**WHAT THE TASK ASKS:**
When you return the lines below, go from the first through the line with "Led Zeppelin / Untitled / レコード P-8166A 日本盤拍卖", keep them exact, and leave out every picture.

*** RECORD EXCERPTS Section Begins ***

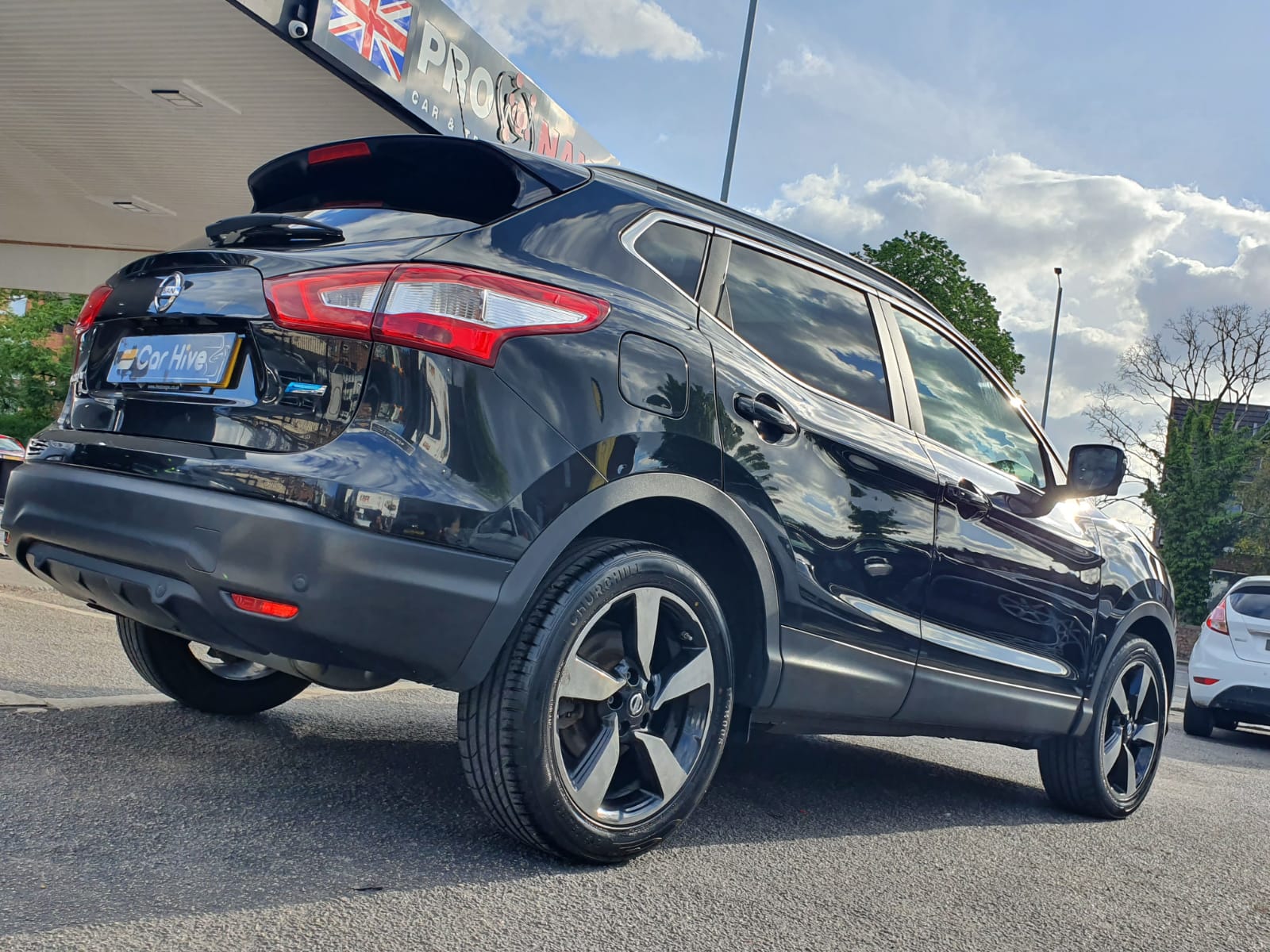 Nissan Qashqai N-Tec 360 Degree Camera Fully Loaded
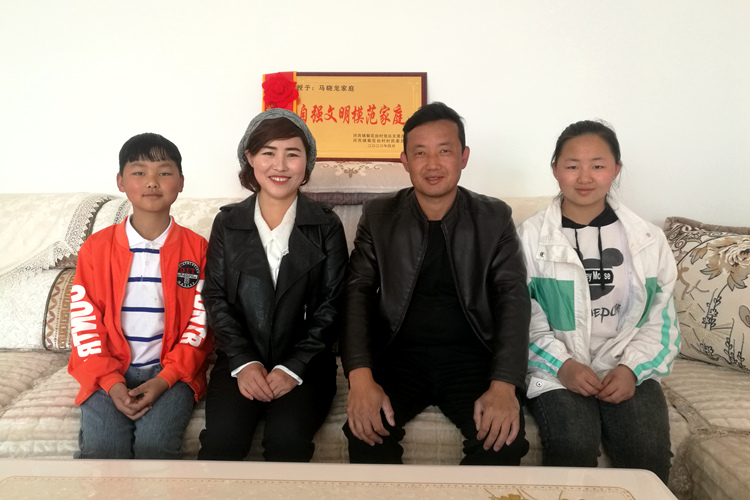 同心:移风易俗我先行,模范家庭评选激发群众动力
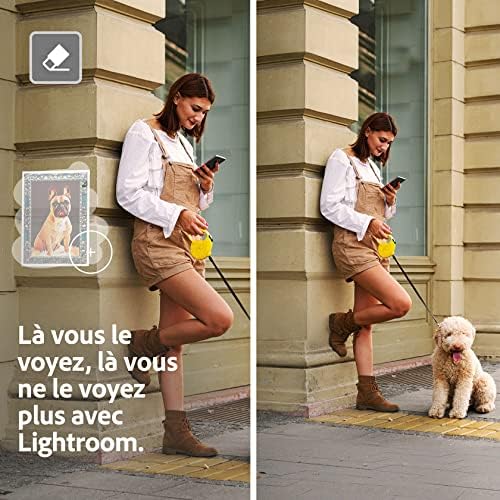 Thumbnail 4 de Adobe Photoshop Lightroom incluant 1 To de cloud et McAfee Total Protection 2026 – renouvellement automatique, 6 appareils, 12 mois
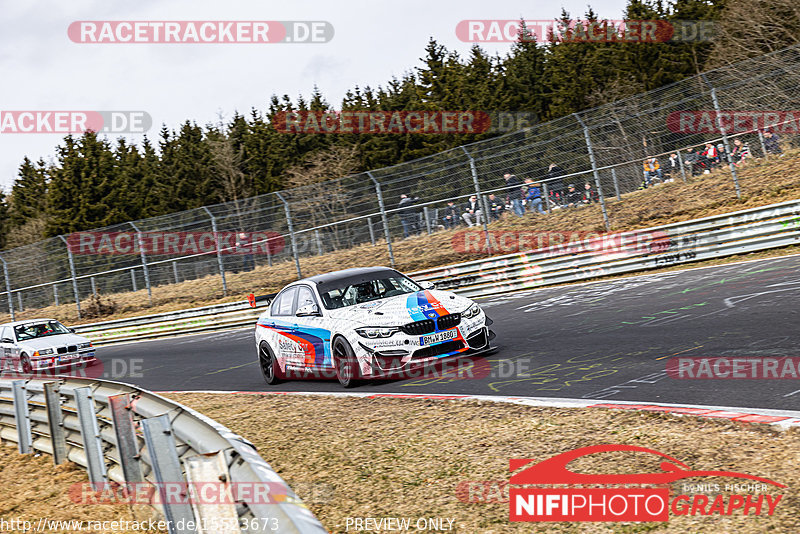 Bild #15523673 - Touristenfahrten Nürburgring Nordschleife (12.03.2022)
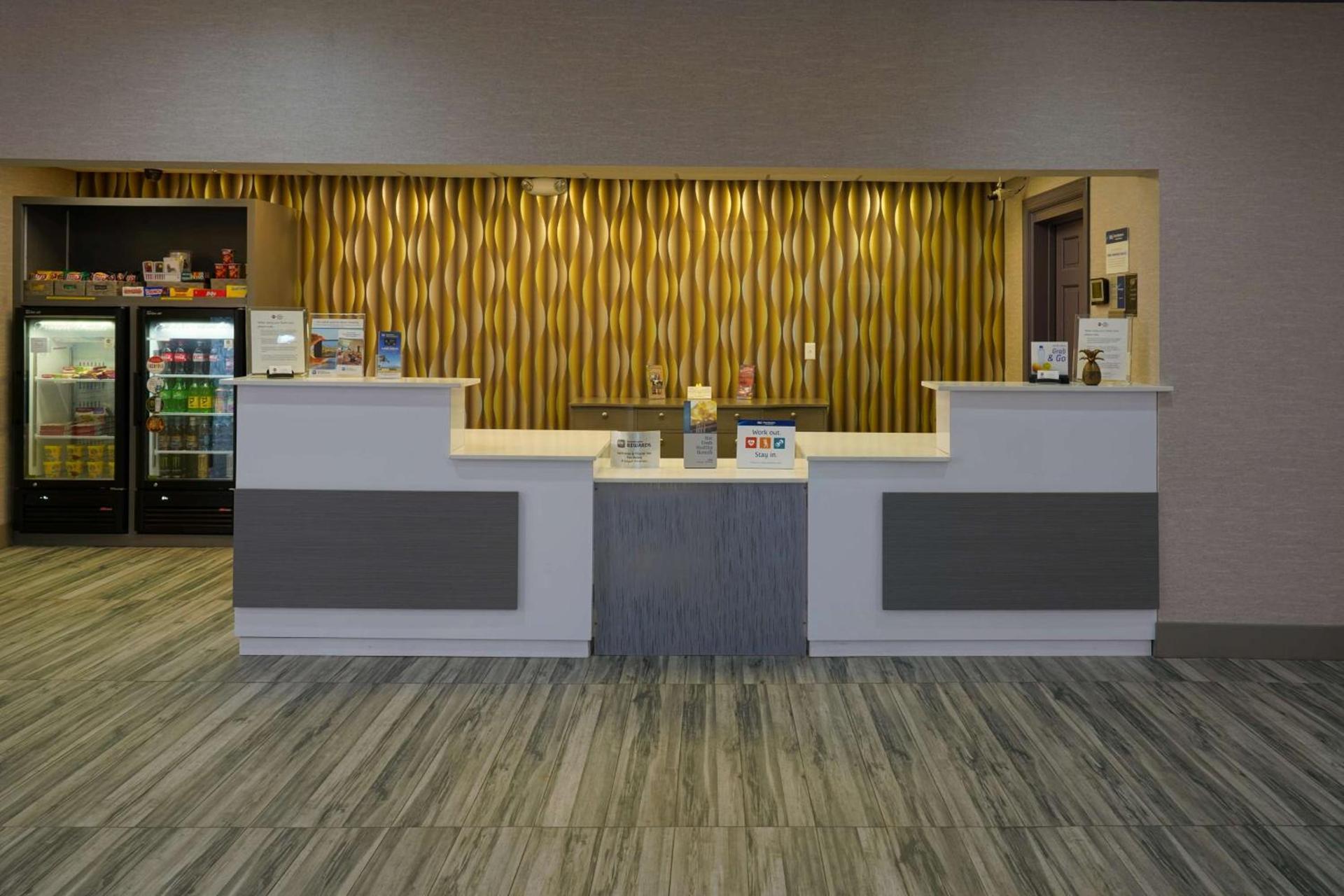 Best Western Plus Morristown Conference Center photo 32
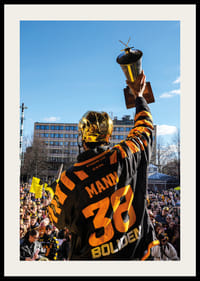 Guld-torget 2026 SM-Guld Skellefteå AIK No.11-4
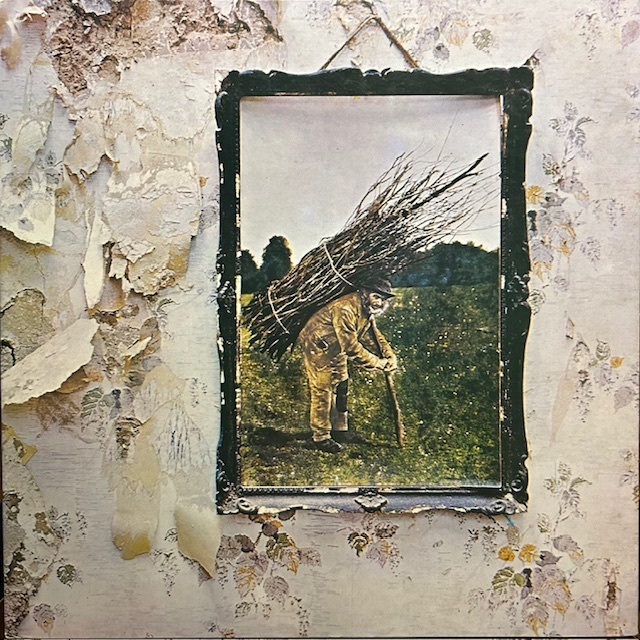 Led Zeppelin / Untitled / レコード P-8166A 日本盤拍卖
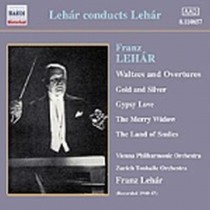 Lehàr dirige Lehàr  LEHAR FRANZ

*** RECORD EXCERPTS Section Ends ***

**REPLY:**
 Nissan Qashqai N-Tec 360 Degree Camera Fully Loaded
 同心:移风易俗我先行,模范家庭评选激发群众动力
 Thumbnail 4 de Adobe Photoshop Lightroom incluant 1 To de cloud et McAfee Total Protection 2026 – renouvellement automatique, 6 appareils, 12 mois
 Bild #15523673 - Touristenfahrten Nürburgring Nordschleife (12.03.2022)
 Best Western Plus Morristown Conference Center photo 32
 Guld-torget 2026 SM-Guld Skellefteå AIK No.11-4
 Led Zeppelin / Untitled / レコード P-8166A 日本盤拍卖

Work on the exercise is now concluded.